A good rule of thumb is to save anywhere from three to six months worth of expenses. Some people may want to save even more—it really depends on you and your comfort level.
High-yield savings accounts are a great place to save your emergency fund. These savings accounts offer a higher interest rate than normal savings accounts, meaning you earn more interest. You want your emergency funds easily accessible, which is why putting them in a savings account makes sense. But you also want to earn as much as possible for that money sitting in the account.
Determine How Much You Want to Save for Retirement Each Month
The sooner you can start socking away money in a retirement account, the longer it has to grow. You can use this compound interest calculator to see just how much opportunity there is for your initial investment to grow the sooner you start and the longer you let it grow.
Play around with the numbers.

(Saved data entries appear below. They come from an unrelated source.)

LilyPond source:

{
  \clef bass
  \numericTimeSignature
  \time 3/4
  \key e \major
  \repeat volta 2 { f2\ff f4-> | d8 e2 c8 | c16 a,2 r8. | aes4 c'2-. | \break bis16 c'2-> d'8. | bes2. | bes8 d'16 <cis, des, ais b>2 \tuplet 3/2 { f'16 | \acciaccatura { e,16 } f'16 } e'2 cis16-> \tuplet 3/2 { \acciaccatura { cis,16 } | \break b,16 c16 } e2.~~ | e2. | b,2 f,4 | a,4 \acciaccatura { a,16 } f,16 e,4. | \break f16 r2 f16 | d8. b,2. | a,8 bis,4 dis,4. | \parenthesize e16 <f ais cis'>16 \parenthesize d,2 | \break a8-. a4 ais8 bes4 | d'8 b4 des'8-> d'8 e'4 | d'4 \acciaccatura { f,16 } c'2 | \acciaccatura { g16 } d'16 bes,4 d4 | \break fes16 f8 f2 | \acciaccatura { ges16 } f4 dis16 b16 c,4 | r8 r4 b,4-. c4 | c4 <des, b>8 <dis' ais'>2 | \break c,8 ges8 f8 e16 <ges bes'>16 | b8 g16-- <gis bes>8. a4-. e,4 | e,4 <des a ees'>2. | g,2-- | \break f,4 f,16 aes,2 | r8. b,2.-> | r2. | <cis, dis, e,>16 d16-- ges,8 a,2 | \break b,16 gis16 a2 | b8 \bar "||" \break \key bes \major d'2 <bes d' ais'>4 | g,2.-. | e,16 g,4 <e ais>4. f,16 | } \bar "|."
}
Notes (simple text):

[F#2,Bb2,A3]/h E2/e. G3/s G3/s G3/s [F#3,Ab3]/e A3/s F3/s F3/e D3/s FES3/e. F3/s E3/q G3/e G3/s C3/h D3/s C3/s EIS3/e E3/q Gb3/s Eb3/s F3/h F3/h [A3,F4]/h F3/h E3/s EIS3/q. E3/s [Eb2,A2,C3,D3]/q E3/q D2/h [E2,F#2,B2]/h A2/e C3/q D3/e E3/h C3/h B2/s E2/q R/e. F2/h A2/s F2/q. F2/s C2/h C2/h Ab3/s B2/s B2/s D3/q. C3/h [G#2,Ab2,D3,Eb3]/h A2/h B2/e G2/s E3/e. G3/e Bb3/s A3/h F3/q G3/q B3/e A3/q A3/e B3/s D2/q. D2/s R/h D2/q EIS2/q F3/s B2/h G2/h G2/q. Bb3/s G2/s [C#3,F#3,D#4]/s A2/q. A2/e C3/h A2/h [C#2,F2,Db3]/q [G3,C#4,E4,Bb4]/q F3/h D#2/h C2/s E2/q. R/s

Yes, you eventually want to nail down how much you want to contribute each month, but seeing how much more your money can grow if you invest just a little more each month may sway what number you choose.
Aim to contribute a percentage of your pre-tax earnings each month. Again, this number will depend on your situation, including how much you’re earning and your age (if you’re playing retirement catch-up), among other factors.
For example, you may aim for 15-20% if you’re starting to invest in your 30s, or 25-30% if you’re starting in your 40s. But you may also aim to contribute more if you’re able or less if your business has slowed for one reason or another. You can always adjust as needed, but it’s best to choose a number so you can automate your processes as much as possible. This way you can ensure you’re saving and don’t have to waste valuable time figuring out what you need to do each month.
Automate Your Retirement Contributions
Really—automate it! If you can automatically deposit money from one account to another consider this option. If you can’t, add a recurring calendar invite for yourself to make the deposit.
Your Turn! How are you saving as a freelancer? Share your tips in the comments below!
Note: We are not legal experts or tax preparation professionals, so always consult an accountant, tax prep professional, or attorney if you have concerns. This information is aimed at copywriters in the United States. Copywriters in other locations may find this information useful for determining what questions they need to ask and answer based on their city, country, or region.